In the study published by The BMJ and conducted by Swinburne, University of Kent, Université de Montréal, and University of Manchester researchers analysed the effects of the Drug Enforcement Administration (DEA) 2014 restriction in how hydrocodone combination products (HCP) were prescribed by doctors.

“Hydrocodone was the most popularly prescribed opioid painkiller in the United States, and its use, along with oxycodone, has been implicated as one of the major drivers of the US opioid crisis,” says lead researcher at Swinburne, Associate Professor in Criminology, Dr James Martin.

“In order to combat misuse, in October 2014, the DEA moved painkillers containing hydrocodone from Schedule III to the more restrictive Schedule II category, making the drug significantly harder to obtain from medical professionals.”

An increase in illicit trading

Professor Judith Aldridge from The University of Manchester said: “While these changes have been shown to reduce the available supply of these medications through legitimate channels, what is less well understood is whether users may seek out illicit supplies via illegal markets in response.”

“Our study used data obtained from 31 of the world’s largest so-called ‘darknet’ drug markets in operation up until last year.

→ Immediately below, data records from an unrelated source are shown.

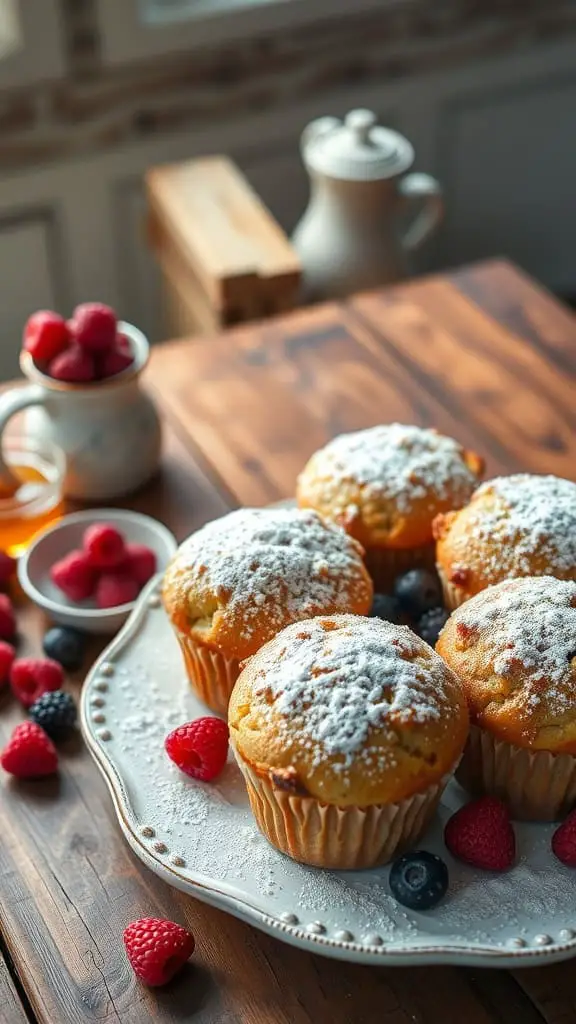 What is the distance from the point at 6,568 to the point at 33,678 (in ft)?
0.73

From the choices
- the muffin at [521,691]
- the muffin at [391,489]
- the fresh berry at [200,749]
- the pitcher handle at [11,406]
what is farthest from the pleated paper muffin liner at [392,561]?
the pitcher handle at [11,406]

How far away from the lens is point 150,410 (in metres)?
1.74

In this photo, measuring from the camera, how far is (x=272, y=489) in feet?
5.73

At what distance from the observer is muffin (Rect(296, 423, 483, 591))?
56.4 inches

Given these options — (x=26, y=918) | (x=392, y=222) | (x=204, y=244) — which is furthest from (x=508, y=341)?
(x=26, y=918)

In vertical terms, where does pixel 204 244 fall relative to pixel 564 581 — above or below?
below

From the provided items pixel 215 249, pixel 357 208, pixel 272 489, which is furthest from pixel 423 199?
pixel 272 489

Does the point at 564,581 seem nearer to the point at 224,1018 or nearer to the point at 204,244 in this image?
the point at 224,1018

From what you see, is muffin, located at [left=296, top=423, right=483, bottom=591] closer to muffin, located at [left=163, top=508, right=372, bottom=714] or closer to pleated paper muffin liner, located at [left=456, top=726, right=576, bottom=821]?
muffin, located at [left=163, top=508, right=372, bottom=714]

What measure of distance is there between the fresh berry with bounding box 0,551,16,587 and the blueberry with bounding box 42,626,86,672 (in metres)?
0.15

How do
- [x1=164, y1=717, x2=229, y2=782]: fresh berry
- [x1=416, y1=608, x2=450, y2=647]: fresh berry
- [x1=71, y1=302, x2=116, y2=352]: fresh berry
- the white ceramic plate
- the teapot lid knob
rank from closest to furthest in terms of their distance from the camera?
the white ceramic plate < [x1=164, y1=717, x2=229, y2=782]: fresh berry < [x1=416, y1=608, x2=450, y2=647]: fresh berry < [x1=71, y1=302, x2=116, y2=352]: fresh berry < the teapot lid knob

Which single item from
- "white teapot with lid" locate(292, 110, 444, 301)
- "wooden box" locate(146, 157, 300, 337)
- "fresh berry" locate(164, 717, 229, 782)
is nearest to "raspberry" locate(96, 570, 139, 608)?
"fresh berry" locate(164, 717, 229, 782)

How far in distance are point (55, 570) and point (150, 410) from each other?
32cm

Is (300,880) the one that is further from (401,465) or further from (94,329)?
(94,329) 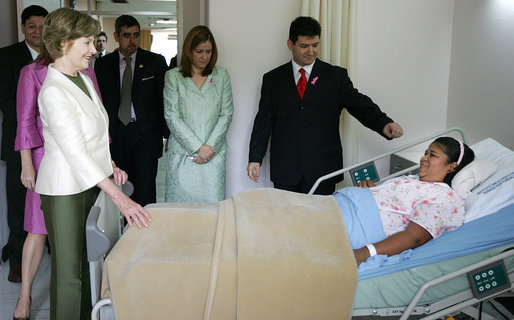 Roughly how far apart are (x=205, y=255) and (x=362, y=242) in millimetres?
729

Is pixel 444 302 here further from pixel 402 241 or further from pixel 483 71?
pixel 483 71

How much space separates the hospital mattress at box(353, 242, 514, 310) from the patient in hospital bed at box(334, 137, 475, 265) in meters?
0.12

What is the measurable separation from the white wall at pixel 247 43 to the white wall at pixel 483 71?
1.22 metres

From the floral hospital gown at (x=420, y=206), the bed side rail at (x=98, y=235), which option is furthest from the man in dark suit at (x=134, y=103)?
→ the floral hospital gown at (x=420, y=206)

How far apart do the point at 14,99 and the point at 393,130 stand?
2333mm

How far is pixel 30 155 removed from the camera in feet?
8.71

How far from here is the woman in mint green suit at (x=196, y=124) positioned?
11.3ft

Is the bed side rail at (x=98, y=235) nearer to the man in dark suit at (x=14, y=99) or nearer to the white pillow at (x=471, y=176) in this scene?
the man in dark suit at (x=14, y=99)

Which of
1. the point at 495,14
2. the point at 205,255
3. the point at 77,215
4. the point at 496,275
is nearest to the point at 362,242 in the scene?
the point at 496,275

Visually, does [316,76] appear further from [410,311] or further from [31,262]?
[31,262]

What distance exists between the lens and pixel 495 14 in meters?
3.34

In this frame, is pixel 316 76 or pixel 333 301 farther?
pixel 316 76

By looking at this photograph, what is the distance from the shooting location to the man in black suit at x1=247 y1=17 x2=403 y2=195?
3316 millimetres

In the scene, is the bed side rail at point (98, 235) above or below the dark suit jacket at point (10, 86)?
below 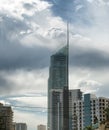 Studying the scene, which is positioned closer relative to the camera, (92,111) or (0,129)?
(0,129)

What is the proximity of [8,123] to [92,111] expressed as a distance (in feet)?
134

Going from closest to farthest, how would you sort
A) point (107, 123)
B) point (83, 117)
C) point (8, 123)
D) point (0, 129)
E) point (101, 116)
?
point (107, 123), point (0, 129), point (8, 123), point (101, 116), point (83, 117)

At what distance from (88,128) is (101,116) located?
75.6 meters

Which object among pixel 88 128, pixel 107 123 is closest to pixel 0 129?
pixel 88 128

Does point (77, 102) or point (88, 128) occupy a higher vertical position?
point (77, 102)

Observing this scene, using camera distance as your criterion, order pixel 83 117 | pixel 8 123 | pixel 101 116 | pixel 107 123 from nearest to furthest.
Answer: pixel 107 123, pixel 8 123, pixel 101 116, pixel 83 117

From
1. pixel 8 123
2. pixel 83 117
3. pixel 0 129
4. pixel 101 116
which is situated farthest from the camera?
pixel 83 117

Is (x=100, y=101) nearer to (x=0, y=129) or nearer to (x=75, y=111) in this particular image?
(x=75, y=111)

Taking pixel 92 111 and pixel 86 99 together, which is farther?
pixel 86 99

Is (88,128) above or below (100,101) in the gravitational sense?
below

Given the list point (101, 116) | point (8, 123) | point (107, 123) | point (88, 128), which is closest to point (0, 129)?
point (88, 128)

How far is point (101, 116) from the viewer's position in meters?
175

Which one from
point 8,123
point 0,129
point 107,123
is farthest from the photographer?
point 8,123

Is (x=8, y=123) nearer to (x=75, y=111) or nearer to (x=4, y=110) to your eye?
(x=4, y=110) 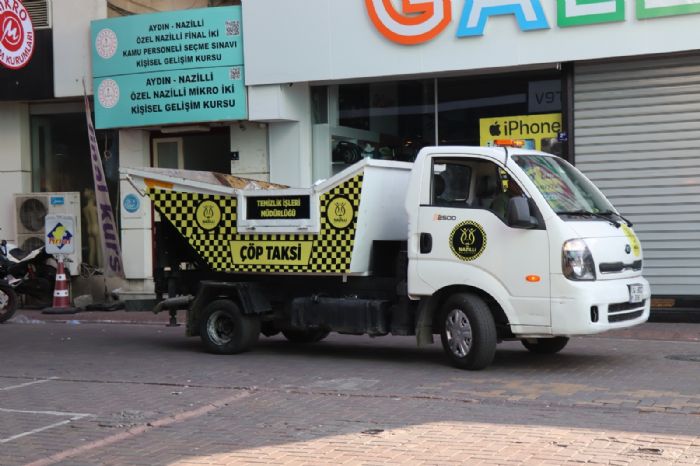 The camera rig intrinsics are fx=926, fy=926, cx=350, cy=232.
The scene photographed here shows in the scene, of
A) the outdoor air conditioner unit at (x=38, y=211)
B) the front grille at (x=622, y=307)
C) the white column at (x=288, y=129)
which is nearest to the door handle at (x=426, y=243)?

We were therefore able to identify some of the unanticipated consequences of restricting drug supplies in a context of high consumer demand.”, said Dr Jack Cunliffe, Lecturer at the University of Kent.

While these changes have been shown to reduce the available supply of these medications through legitimate channels, what is less well understood is whether users may seek out illicit supplies via illegal markets in response
Professor Judith Aldridge

The study found that after the introduction of the DEA’s regulations, illicit trading of these substances increased by around 4 percentage points a year, meaning the amount of trade that prescription opioids represent in US doubled over the study period, with no significant changes to other categories of pharmaceutical drugs, including stimulants such as modafinil, or sedatives such as Diazepam and Xanax.

Dr Martin added: “We found that in the period immediately following DEA’s new regulations that there was a rise in the proportion of US cryptomarket drug trade attributable to prescription opioids.”

“Our study provides solid empirical evidence that restricting the legal supply of hydrocodone in the US was correlated with a significant, sustained increase in people sourcing illicit opioids from the black market, in this case anonymous drug marketplaces on the darknet.”

Solving the opioid crisis

Dr Martin says the opioid crisis is the biggest public health emergency currently facing the US.

“Our research indicates that in order to effectively tackle this health problem, other policy responses - such as demand and harm reduction - are necessary, rather focusing on supply reduction alone.”

Dr David Décary-Hétu at Université of Montréal in Canada also urges people not to interpret this study as a suggestion that the darknet is fuelling the US opioid crisis.

“We would argue against this interpretation; our research indicates that trading of illicit opioids on the darknet is demand driven, meaning that darknet drug traders are responding to existing demand for illicit opioids, rather than creating the demand in the first place”, says Dr Décary-Hétu.

Research: Effect of restricting the legal supply of prescription opioids on buying through online illicit marketplaces: interrupted time series analysis. Editorial: Tighter Prescribing Regulations Drive Illicit Opioid Sales - The predictable consequence of cutting supply without tackling demand. Published in the BMJ.